§ WORK ORDER: Output the listing below exactly, minus its images.

---------------

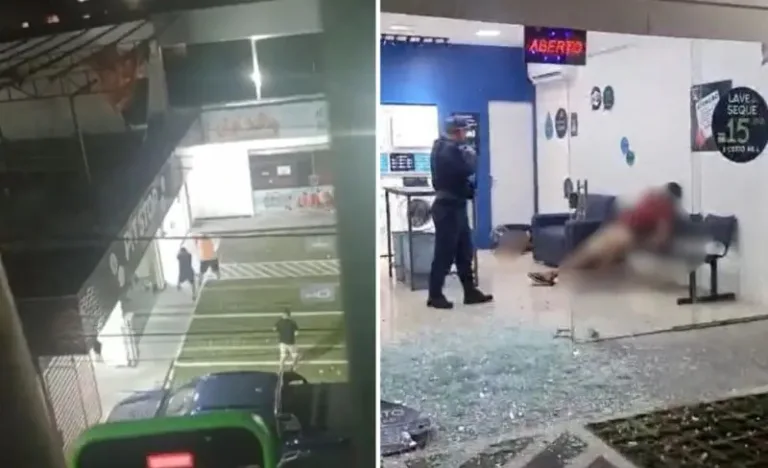VÍDEO: Tiroteio em lavanderia deixa um morto e um ferido no bairro Grande Vitória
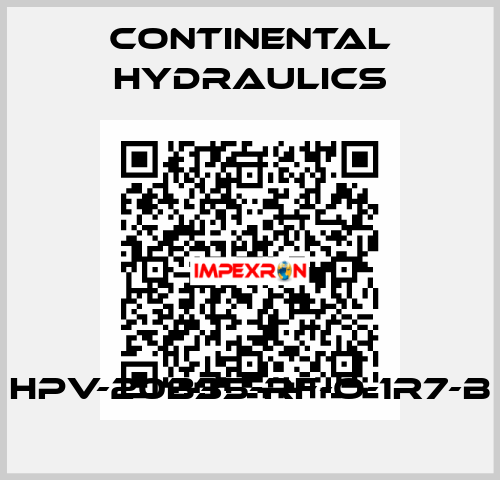 HPV-20B35-RF-O-1R7-B Continental Hydraulics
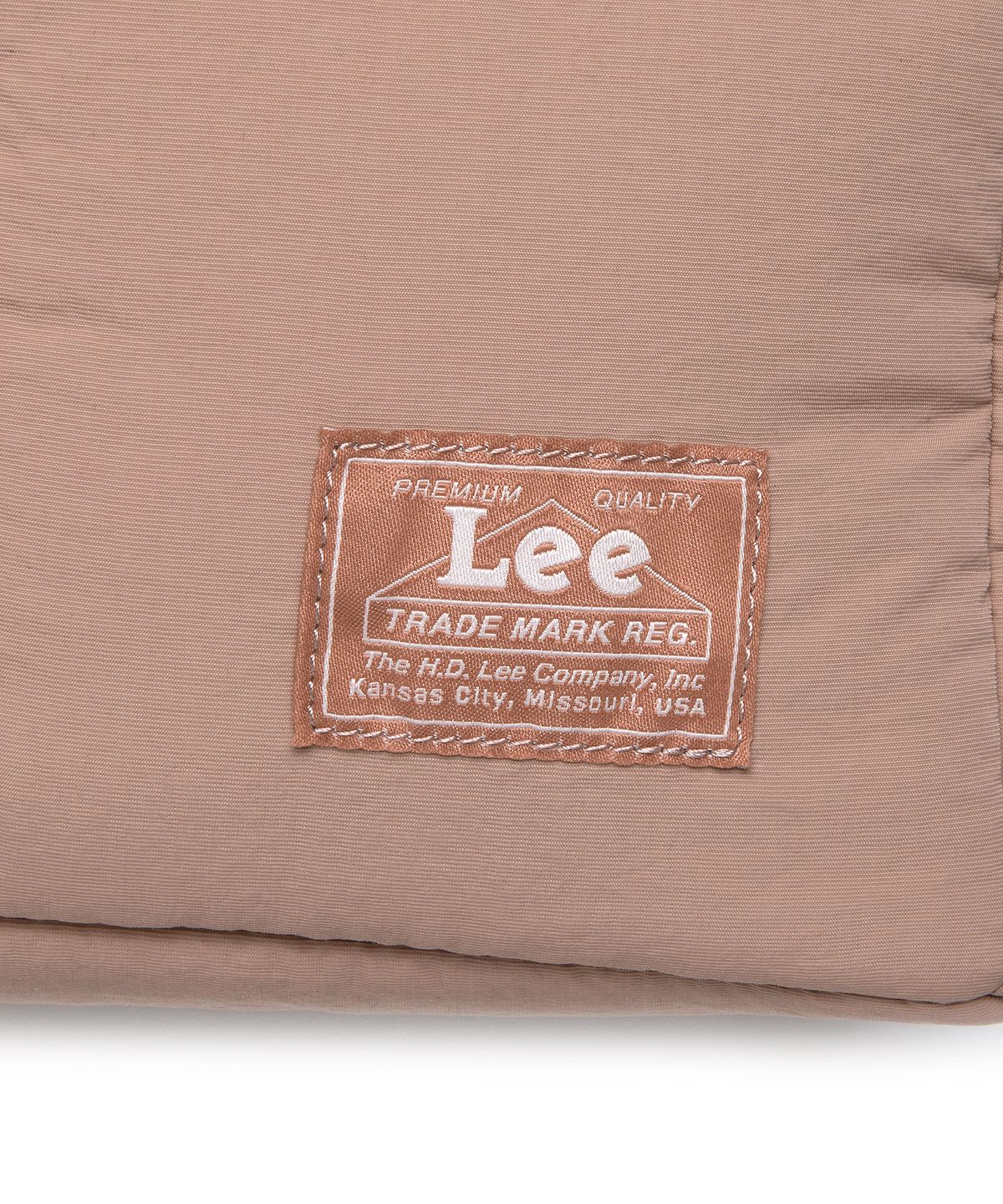 리(LEE) 퀼팅 스퀘어 토트백 핑크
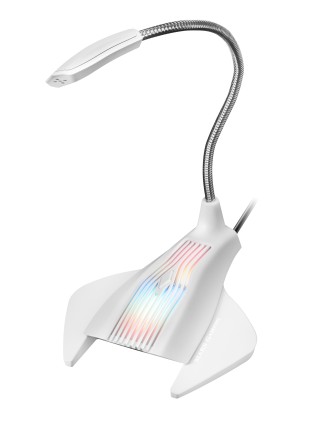 Mars Gaming MMICW microfono Bianco Microfono da tavolo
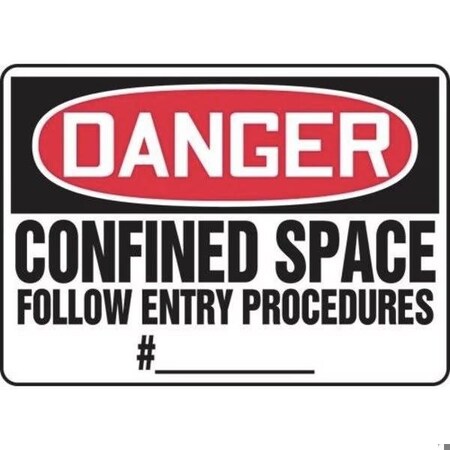 Accuform OSHA DANGER SAFETY SIGN CONFINED MCSP033XT MCSP033XT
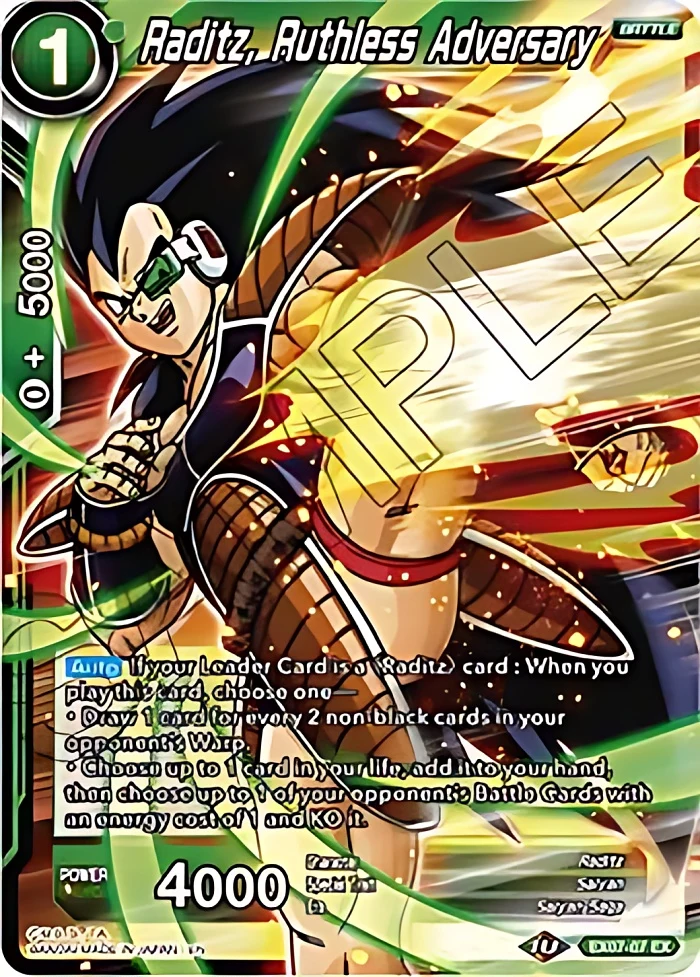 Raditz, Ruthless Adversary #EX07-07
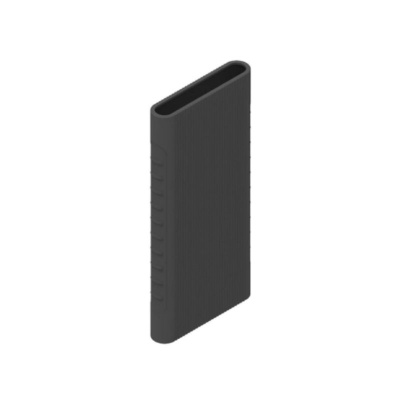 Чехол силиконовый для Xiaomi Power Bank 3 30000 mAh (черный)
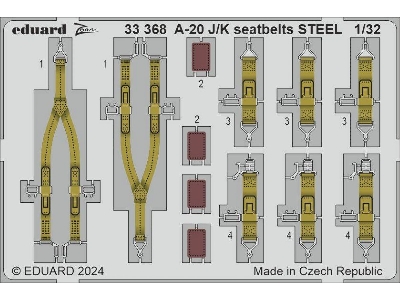 A-20J/ K seatbelts STEEL 1/32 - HONG KONG MODELS - zdjęcie 1
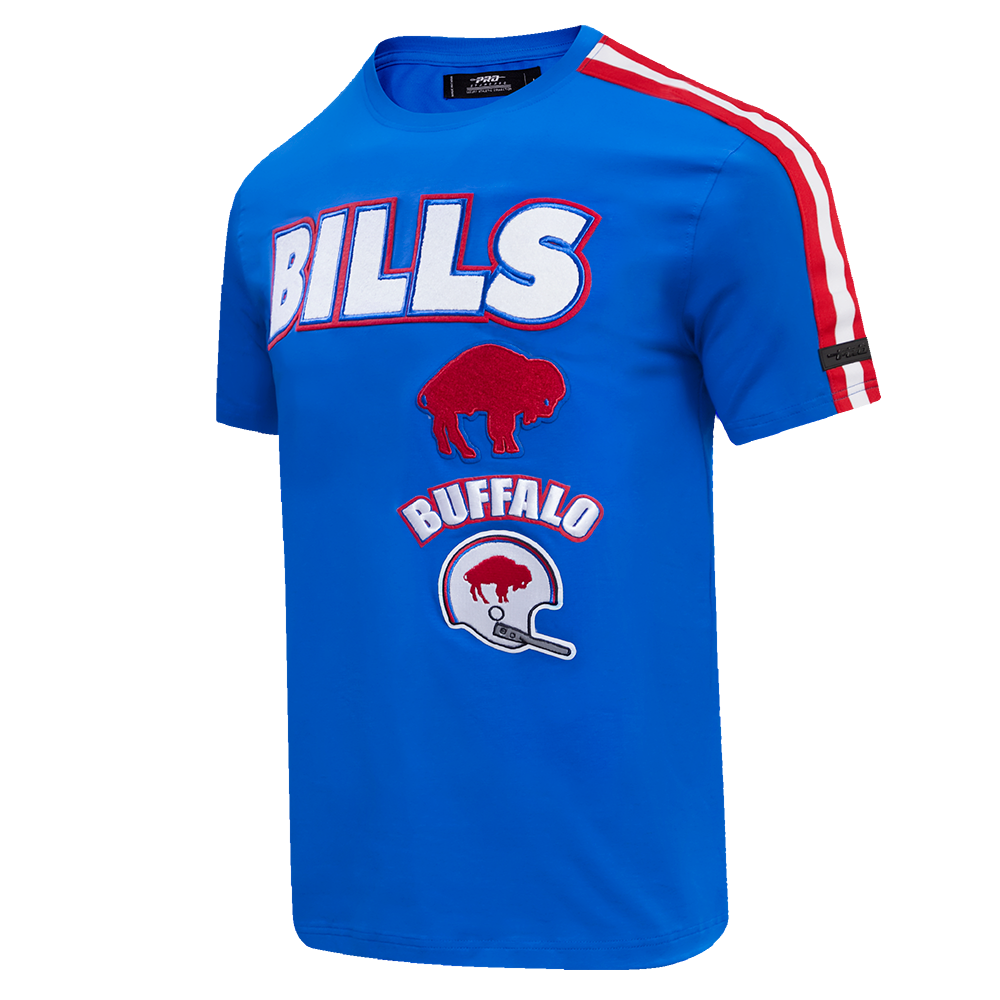 NFL BUFFALO BILLS RETRO CLASSIC MEN'S STRIPED TEE (ROYAL BLUE/RED)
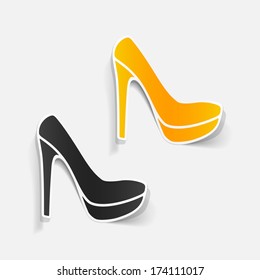 realistic design element: shoe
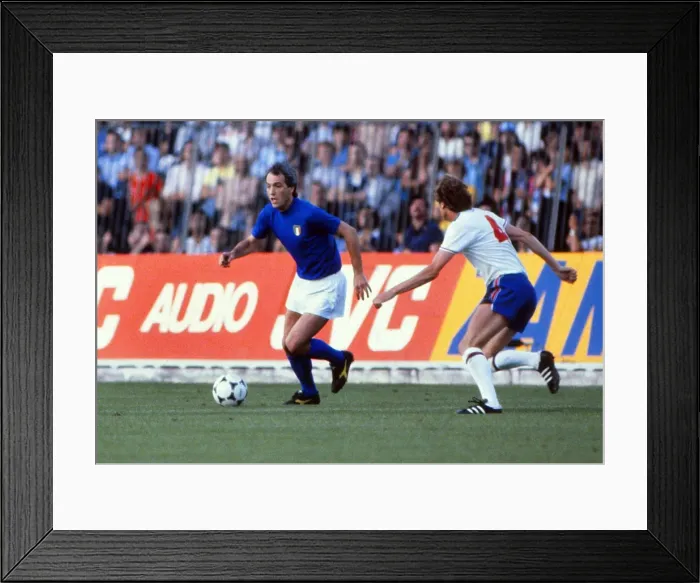 Framed Print : Euro 1980: Italy 1 England 0 Framed Print : Euro 1980: Italy 1 England 0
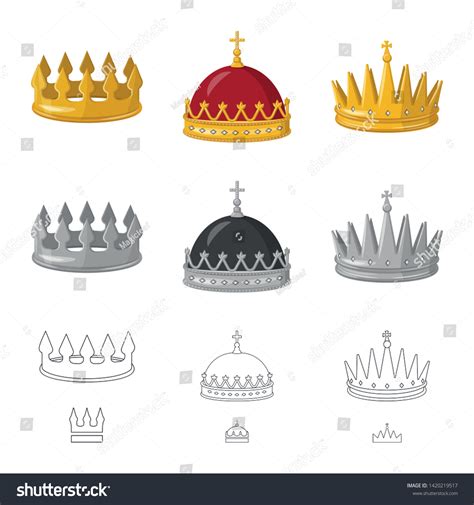 Vector Illustration Medieval Nobility Symbol Set Stock Vector (Royalty Free) 1420219517 ...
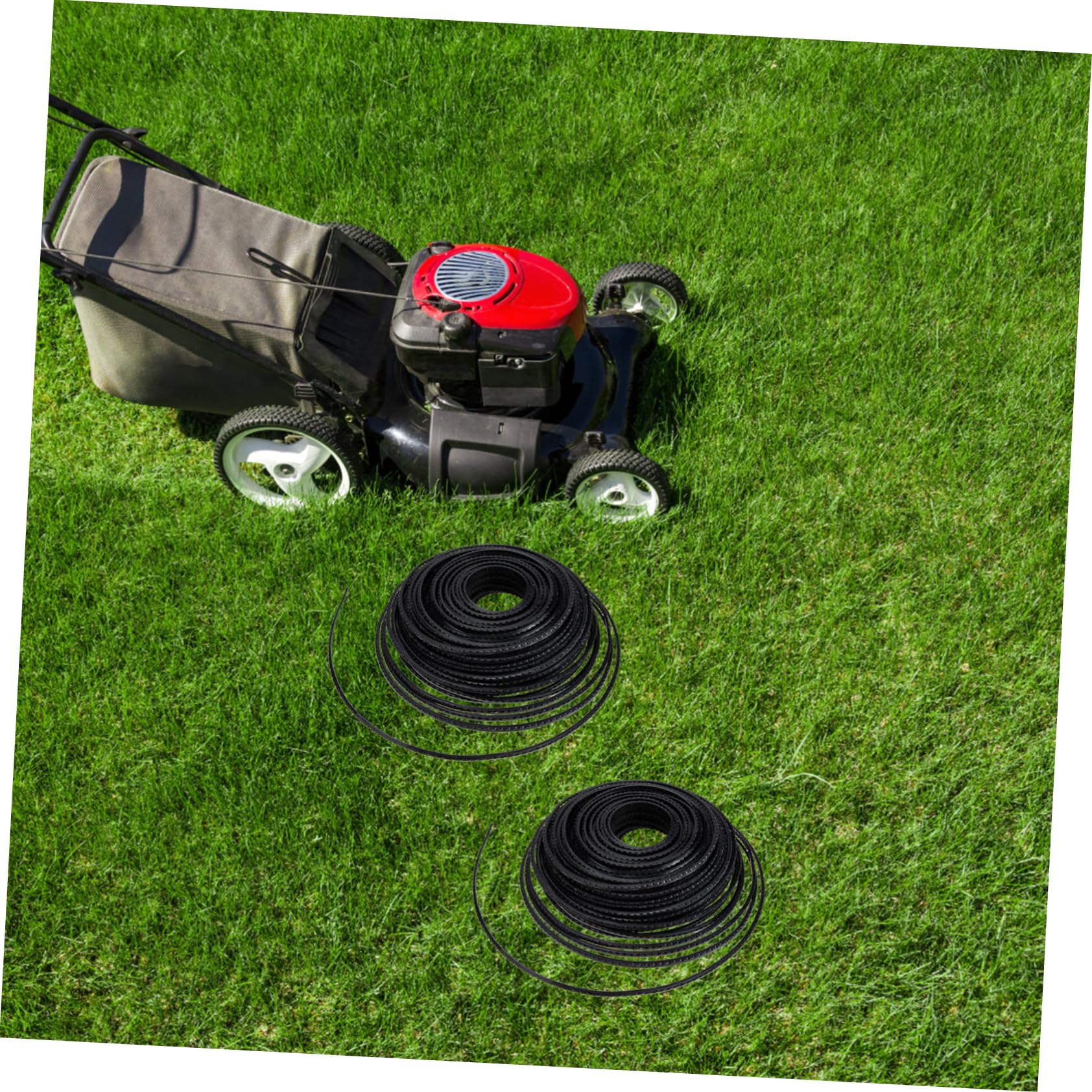 Hilo de Corte, Línea de Acero Negro, Fácil de Instalar y Cambiar, Accesorio para Jardín y Recortabordes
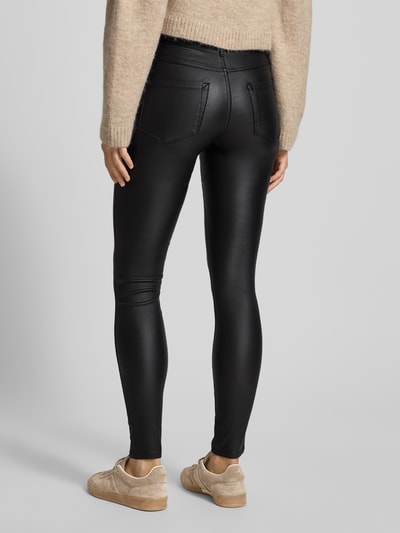 ONLY Jeansy o kroju skinny fit z mieszanki wiskozy model ‘ROYAL’ Czarny 5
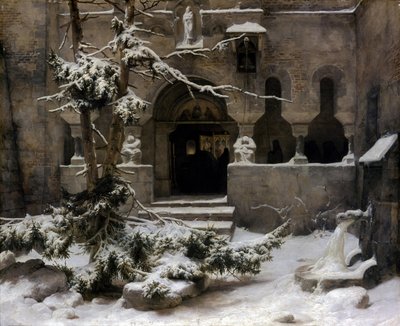 Karda Manastır Bahçesi by Carl Friedrich Lessing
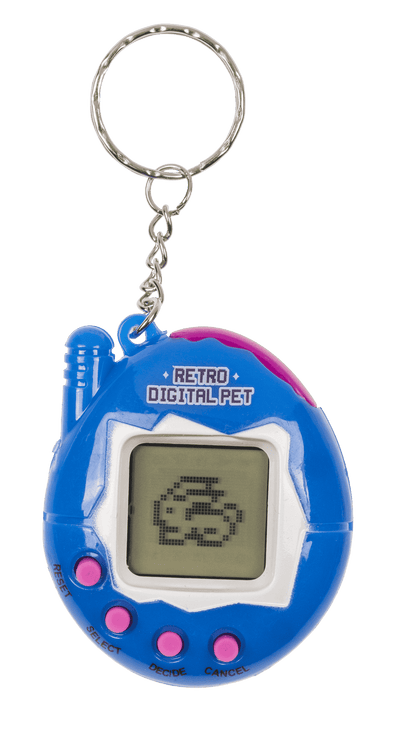 Mini game console with keychain,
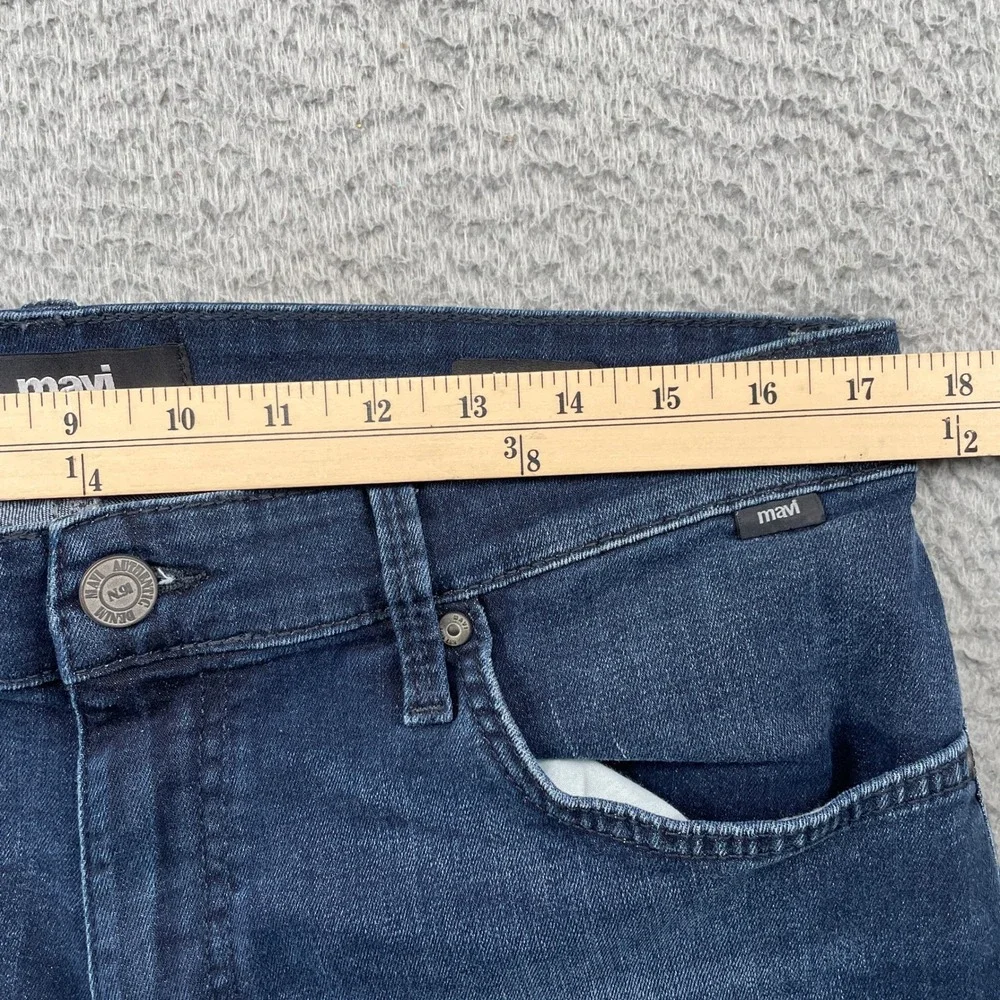 Mavi Jeans Mens 34/30 Blue Marcus Slim Straight Leg Stretch Denim Pants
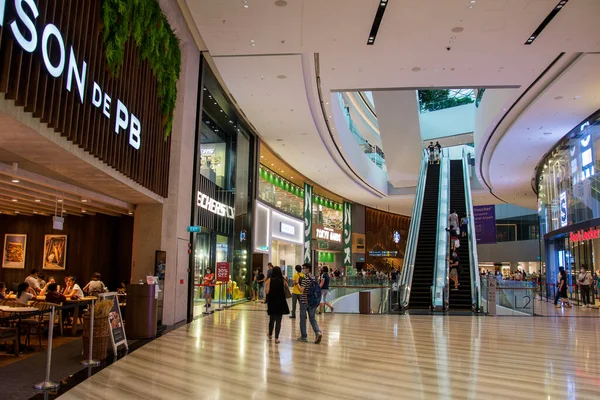 Singapur Jul 2020 Interior Del Jewal Changi Airport Singapur Aeropuerto —  Fotos de Stock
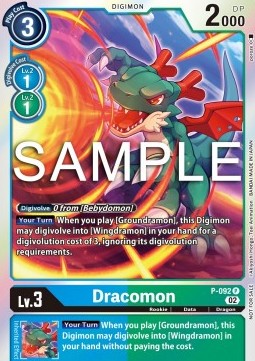 Dracomon (P-092) - Promos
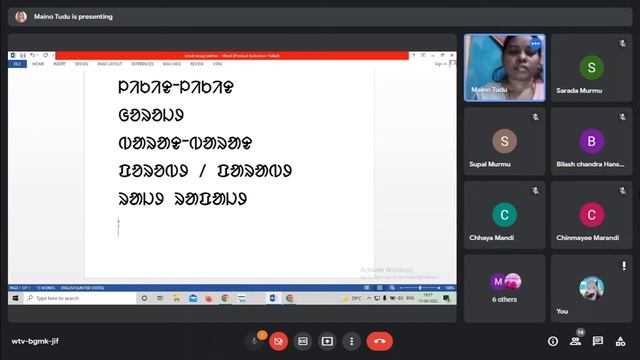 51st Online Ol Chiki Class | Ohod Renah Bebhar | ᱟᱹᱲᱟᱹ ᱨᱮ ᱽ (ᱚᱦᱚᱫ) ᱨᱮᱱᱟᱜ ᱵᱮᱵᱷᱟᱨ | Maina Tudu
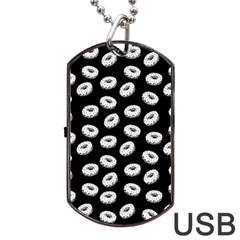 Donuts Pattern Dog Tag Usb Flash (two Sides) by Valentinaart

---------------

§ EXERCISE RESPONSE:
VÍDEO: Tiroteio em lavanderia deixa um morto e um ferido no bairro Grande Vitória
 HPV-20B35-RF-O-1R7-B Continental Hydraulics
 리(LEE) 퀼팅 스퀘어 토트백 핑크
 Mars Gaming MMICW microfono Bianco Microfono da tavolo
 Accuform OSHA DANGER SAFETY SIGN CONFINED MCSP033XT MCSP033XT
 Raditz, Ruthless Adversary #EX07-07
 Чехол силиконовый для Xiaomi Power Bank 3 30000 mAh (черный)
 A-20J/ K seatbelts STEEL 1/32 - HONG KONG MODELS - zdjęcie 1
 NFL BUFFALO BILLS RETRO CLASSIC MEN'S STRIPED TEE (ROYAL BLUE/RED)
 realistic design element: shoe
 Framed Print : Euro 1980: Italy 1 England 0 Framed Print : Euro 1980: Italy 1 England 0
 Vector Illustration Medieval Nobility Symbol Set Stock Vector (Royalty Free) 1420219517 ...
 Hilo de Corte, Línea de Acero Negro, Fácil de Instalar y Cambiar, Accesorio para Jardín y Recortabordes
 ONLY Jeansy o kroju skinny fit z mieszanki wiskozy model ‘ROYAL’ Czarny 5
 Karda Manastır Bahçesi by Carl Friedrich Lessing
 Mini game console with keychain,
 Mavi Jeans Mens 34/30 Blue Marcus Slim Straight Leg Stretch Denim Pants
 Singapur Jul 2020 Interior Del Jewal Changi Airport Singapur Aeropuerto —  Fotos de Stock
 Dracomon (P-092) - Promos
 51st Online Ol Chiki Class | Ohod Renah Bebhar | ᱟᱹᱲᱟᱹ ᱨᱮ ᱽ (ᱚᱦᱚᱫ) ᱨᱮᱱᱟᱜ ᱵᱮᱵᱷᱟᱨ | Maina Tudu
 Donuts Pattern Dog Tag Usb Flash (two Sides) by Valentinaart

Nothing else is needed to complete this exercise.